What other seeds were planted on this trip, that you’ve continued to harvest over the years?
I didn’t know what I was learning there, I was just soaking it up. I did realize that the most frightened people are those who have yet to travel. They haven’t had their hippie trail.
Why do we want to build walls in this country? When to me, obviously, if you want to be safe, you don’t build walls, because that’s not a prescription for safety but a way to withdraw from the world. If you’ve done a philosophical hippie trail, you’re more inclined to build bridges and less inclined to build walls.
People today say, Oh, man, I wish you could do the hippie trail today. I sure missed out. You were lucky to be there in 1978. No, you can do a hippie trail today. You can’t go from the exact same pudding shop in Istanbul to that chai spot in Kathmandu with a bunch of hippies on a bus like that, but you can have your hippie trail experience. The trick is getting away from home and reassessing a lot of truths that you were raised thinking are self evident and God-given, and then defining success for yourself when you get home.
In addition to bigger shifts in your worldview, I find that the most impactful moments from trips are often the least expected. Were there any seemingly tiny memories that have loomed large in the long run?

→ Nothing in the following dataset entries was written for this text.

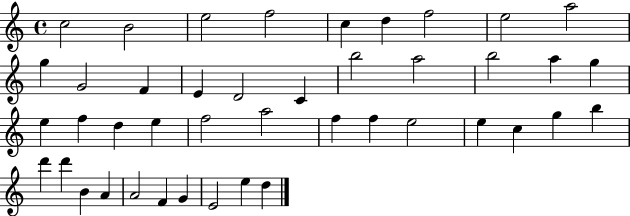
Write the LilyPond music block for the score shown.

{
  \clef treble
  \time 4/4
  \defaultTimeSignature
  \key c \major
  c''2 b'2 | e''2 f''2 | c''4 d''4 f''2 | e''2 a''2 | \break g''4 g'2 f'4 | e'4 d'2 c'4 | b''2 a''2 | b''2 a''4 g''4 | \break e''4 f''4 d''4 e''4 | f''2 a''2 | f''4 f''4 e''2 | e''4 c''4 g''4 b''4 | \break d'''4 d'''4 b'4 a'4 | a'2 f'4 g'4 | e'2 e''4 d''4 | \bar "|."
}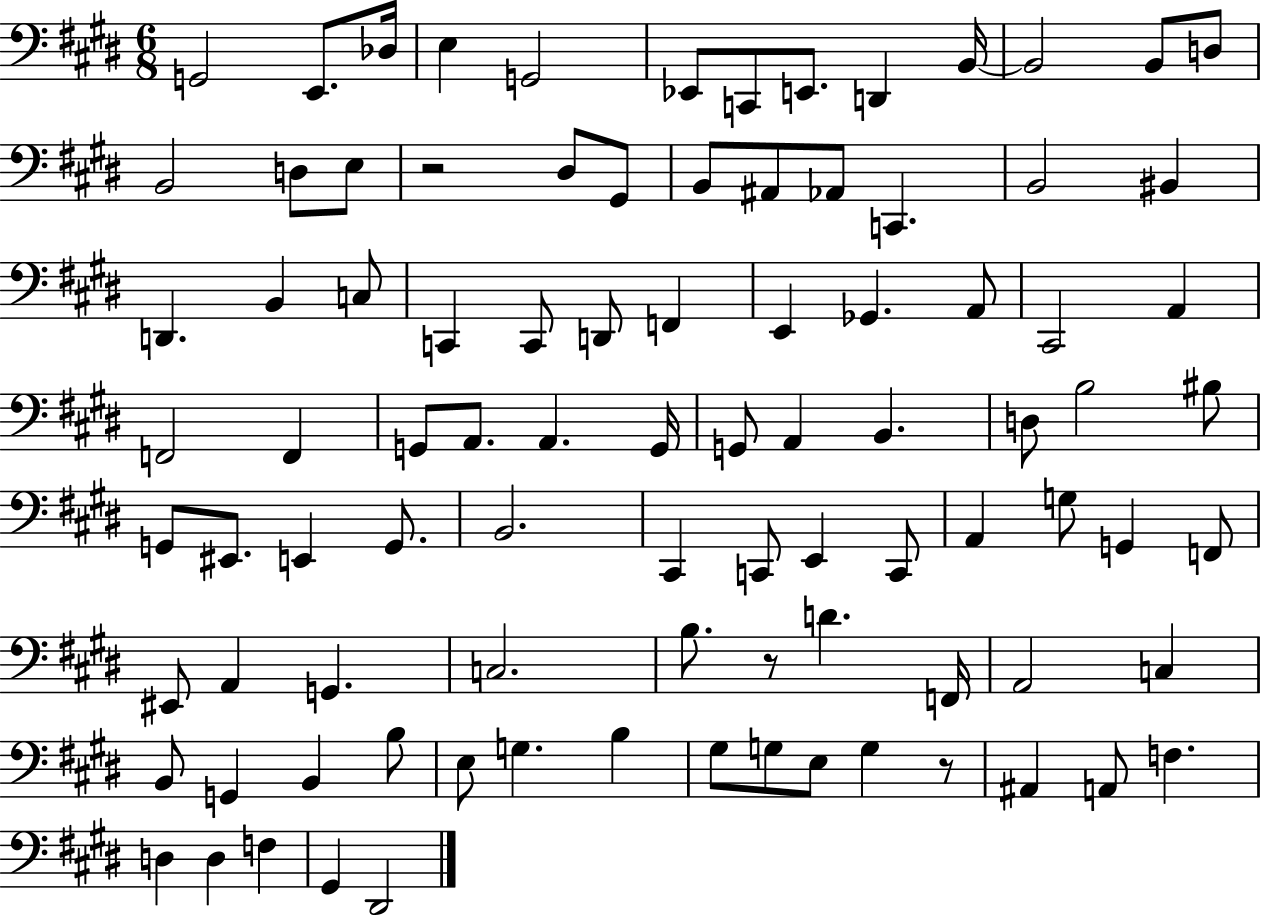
{
  \clef bass
  \numericTimeSignature
  \time 6/8
  \key e \major
  g,2 e,8. des16 | e4 g,2 | ees,8 c,8 e,8. d,4 b,16~~ | b,2 b,8 d8 | \break b,2 d8 e8 | r2 dis8 gis,8 | b,8 ais,8 aes,8 c,4. | b,2 bis,4 | \break d,4. b,4 c8 | c,4 c,8 d,8 f,4 | e,4 ges,4. a,8 | cis,2 a,4 | \break f,2 f,4 | g,8 a,8. a,4. g,16 | g,8 a,4 b,4. | d8 b2 bis8 | \break g,8 eis,8. e,4 g,8. | b,2. | cis,4 c,8 e,4 c,8 | a,4 g8 g,4 f,8 | \break eis,8 a,4 g,4. | c2. | b8. r8 d'4. f,16 | a,2 c4 | \break b,8 g,4 b,4 b8 | e8 g4. b4 | gis8 g8 e8 g4 r8 | ais,4 a,8 f4. | \break d4 d4 f4 | gis,4 dis,2 | \bar "|."
}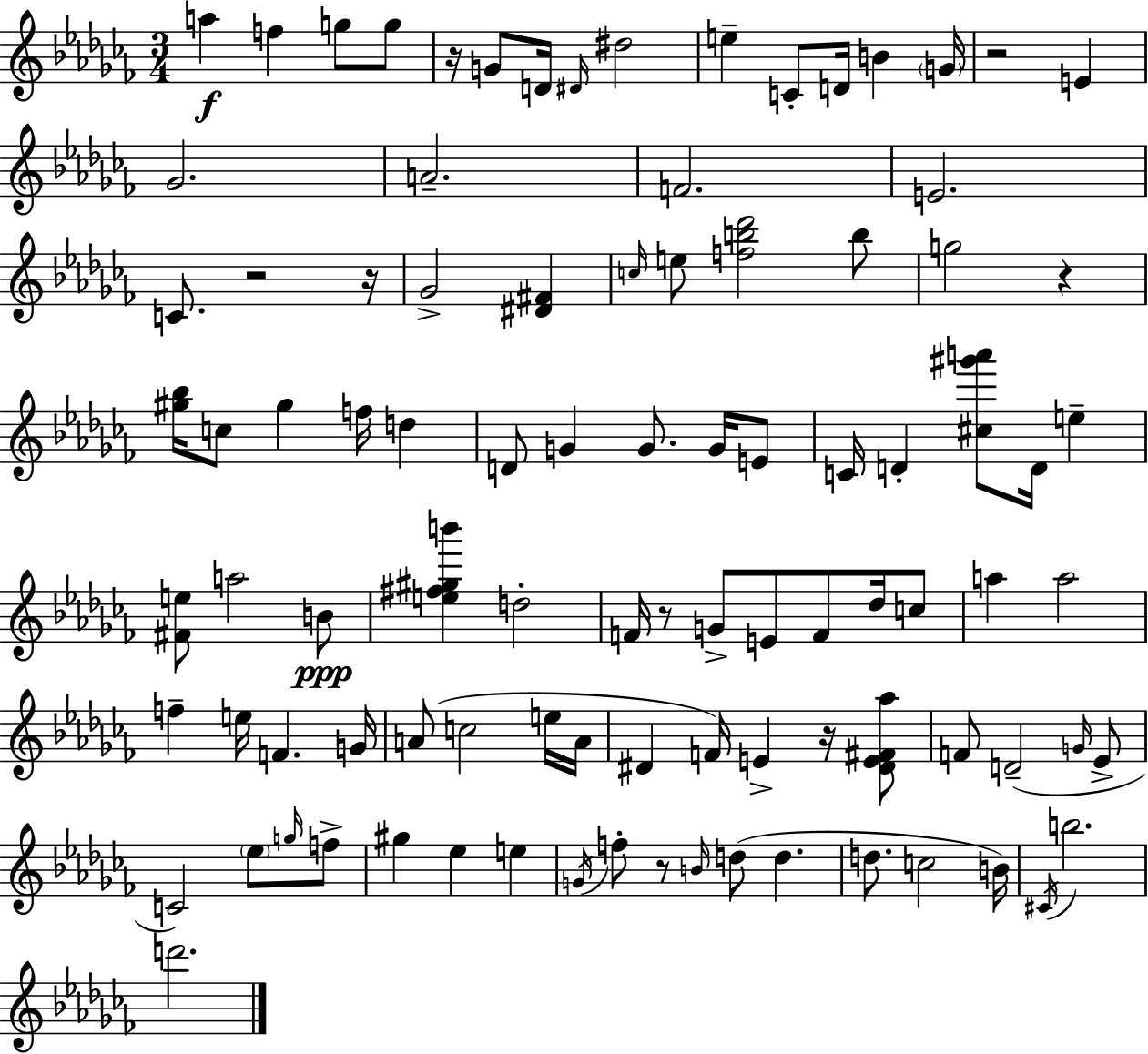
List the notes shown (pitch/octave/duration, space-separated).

A5/q F5/q G5/e G5/e R/s G4/e D4/s D#4/s D#5/h E5/q C4/e D4/s B4/q G4/s R/h E4/q Gb4/h. A4/h. F4/h. E4/h. C4/e. R/h R/s Gb4/h [D#4,F#4]/q C5/s E5/e [F5,B5,Db6]/h B5/e G5/h R/q [G#5,Bb5]/s C5/e G#5/q F5/s D5/q D4/e G4/q G4/e. G4/s E4/e C4/s D4/q [C#5,G#6,A6]/e D4/s E5/q [F#4,E5]/e A5/h B4/e [E5,F#5,G#5,B6]/q D5/h F4/s R/e G4/e E4/e F4/e Db5/s C5/e A5/q A5/h F5/q E5/s F4/q. G4/s A4/e C5/h E5/s A4/s D#4/q F4/s E4/q R/s [D#4,E4,F#4,Ab5]/e F4/e D4/h G4/s Eb4/e C4/h Eb5/e G5/s F5/e G#5/q Eb5/q E5/q G4/s F5/e R/e B4/s D5/e D5/q. D5/e. C5/h B4/s C#4/s B5/h. D6/h.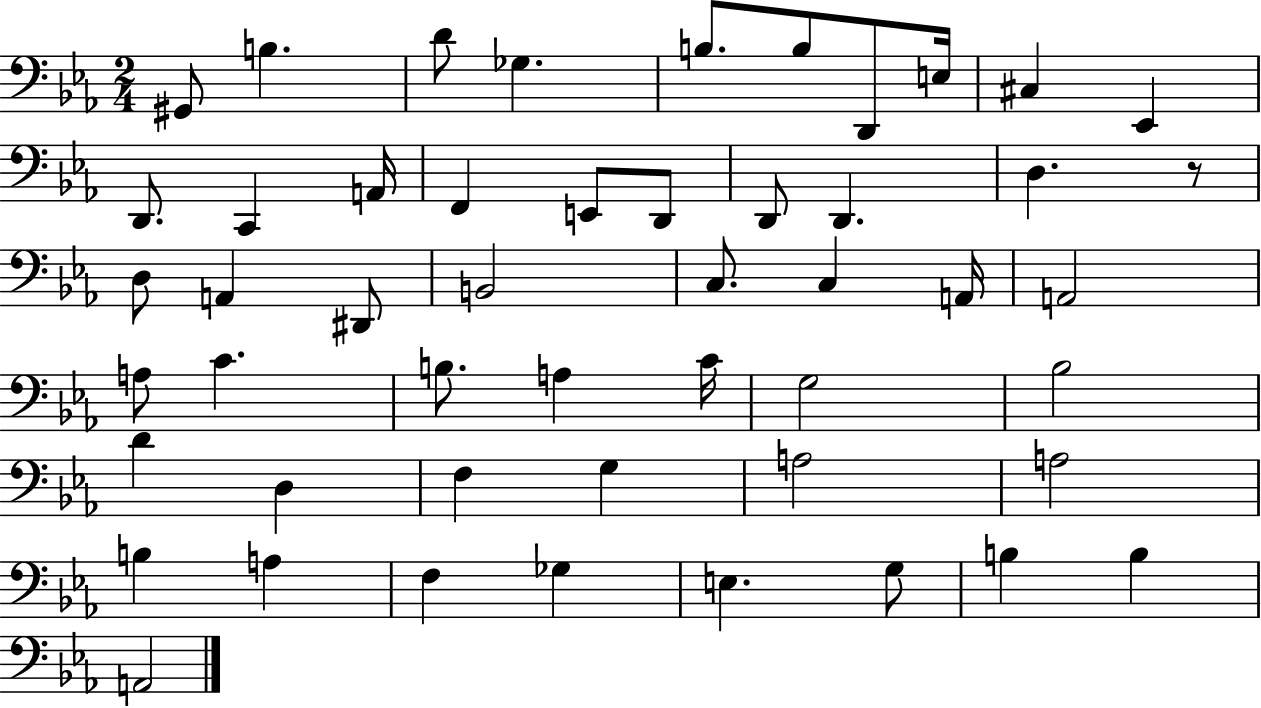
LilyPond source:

{
  \clef bass
  \numericTimeSignature
  \time 2/4
  \key ees \major
  \repeat volta 2 { gis,8 b4. | d'8 ges4. | b8. b8 d,8 e16 | cis4 ees,4 | \break d,8. c,4 a,16 | f,4 e,8 d,8 | d,8 d,4. | d4. r8 | \break d8 a,4 dis,8 | b,2 | c8. c4 a,16 | a,2 | \break a8 c'4. | b8. a4 c'16 | g2 | bes2 | \break d'4 d4 | f4 g4 | a2 | a2 | \break b4 a4 | f4 ges4 | e4. g8 | b4 b4 | \break a,2 | } \bar "|."
}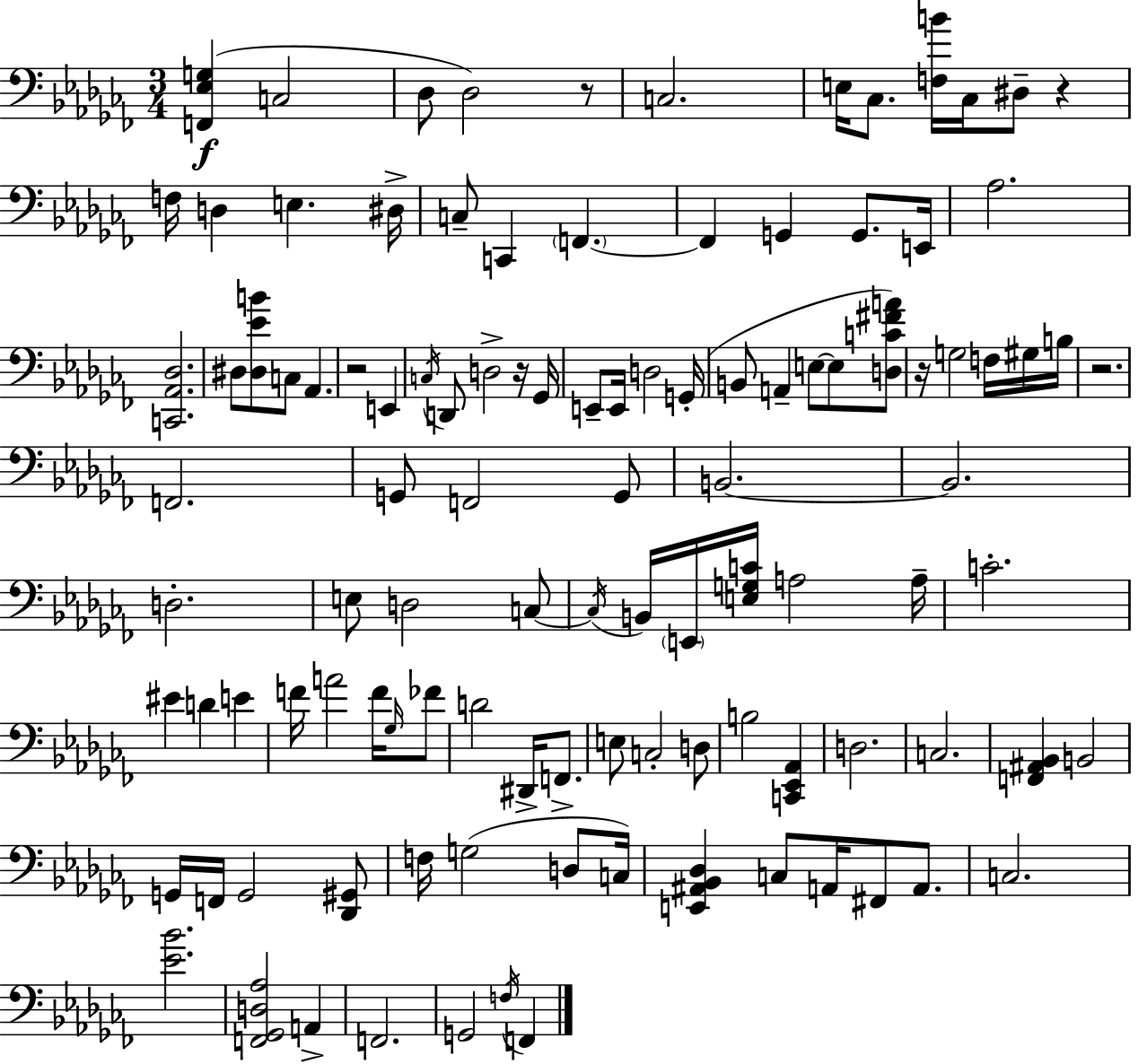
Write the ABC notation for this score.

X:1
T:Untitled
M:3/4
L:1/4
K:Abm
[F,,_E,G,] C,2 _D,/2 _D,2 z/2 C,2 E,/4 _C,/2 [F,B]/4 _C,/4 ^D,/2 z F,/4 D, E, ^D,/4 C,/2 C,, F,, F,, G,, G,,/2 E,,/4 _A,2 [C,,_A,,_D,]2 ^D,/2 [^D,_EB]/2 C,/2 _A,, z2 E,, C,/4 D,,/2 D,2 z/4 _G,,/4 E,,/2 E,,/4 D,2 G,,/4 B,,/2 A,, E,/2 E,/2 [D,C^FA]/2 z/4 G,2 F,/4 ^G,/4 B,/4 z2 F,,2 G,,/2 F,,2 G,,/2 B,,2 B,,2 D,2 E,/2 D,2 C,/2 C,/4 B,,/4 E,,/4 [E,G,C]/4 A,2 A,/4 C2 ^E D E F/4 A2 F/4 _G,/4 _F/2 D2 ^D,,/4 F,,/2 E,/2 C,2 D,/2 B,2 [C,,_E,,_A,,] D,2 C,2 [F,,^A,,_B,,] B,,2 G,,/4 F,,/4 G,,2 [_D,,^G,,]/2 F,/4 G,2 D,/2 C,/4 [E,,^A,,_B,,_D,] C,/2 A,,/4 ^F,,/2 A,,/2 C,2 [_E_B]2 [F,,_G,,D,_A,]2 A,, F,,2 G,,2 F,/4 F,,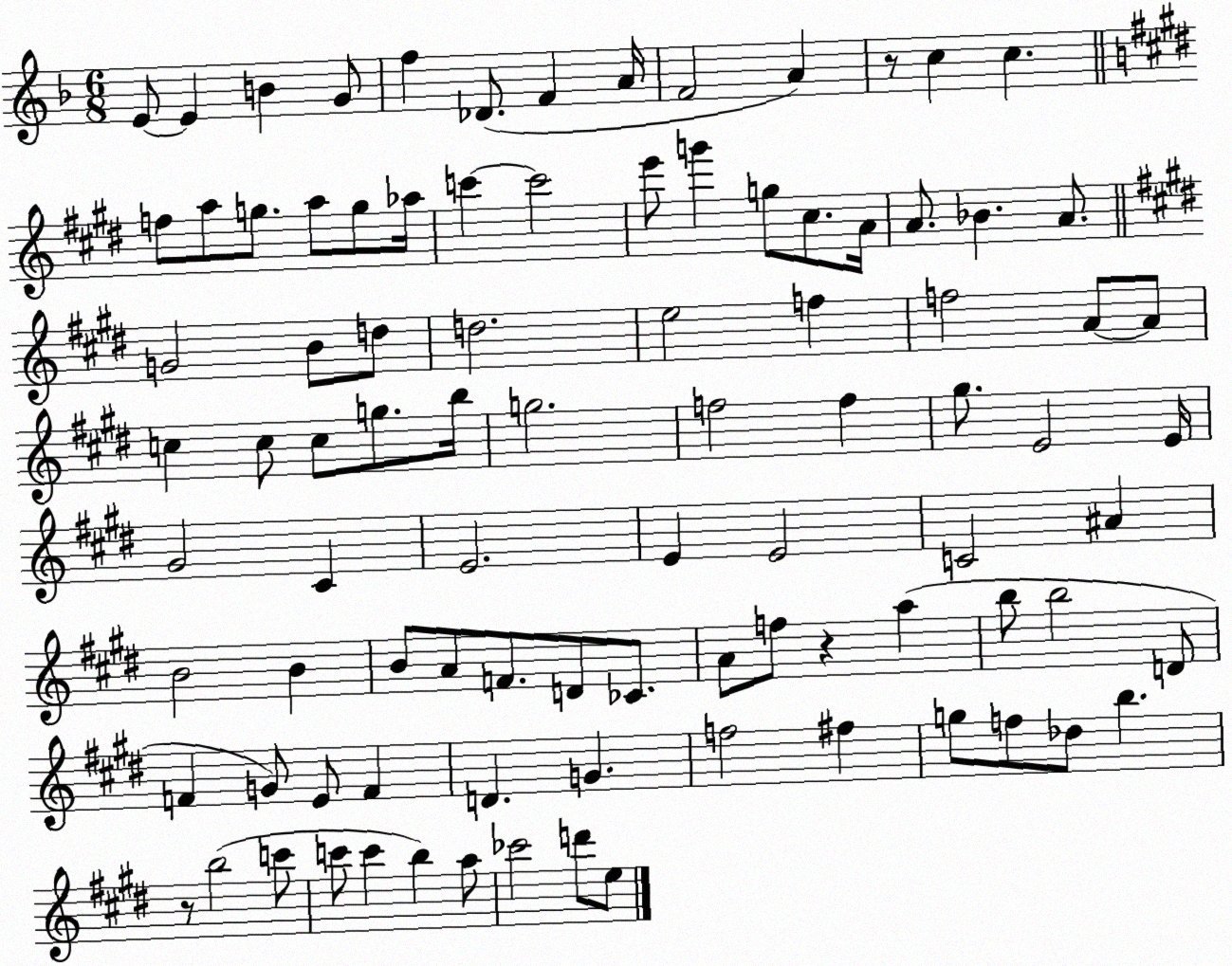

I met a professor in Afghanistan who joined me at lunch, and he said, I want you to know that a third of the people on the planet eat with a spoon and fork like you, a third eat with chopsticks, and a third eat with their fingers, like I do, and we’re all civilized just the same. At first I thought, Boy he’s got a chip on his shoulder. But he was right. I thought less of him because he ate with his fingers, and he knew that, and he was saddened by that, and he wanted me to know that we’re all civilized just the same. And then I realized there are different norms. Americans are expert at thinking we’re we’re the norm. Americans are expert at thinking the world’s a pyramid with us on top, and everybody else is trying to get there. Americans are expert at thinking we are exceptional. The only thing exceptional about us is that we could actually think that we are.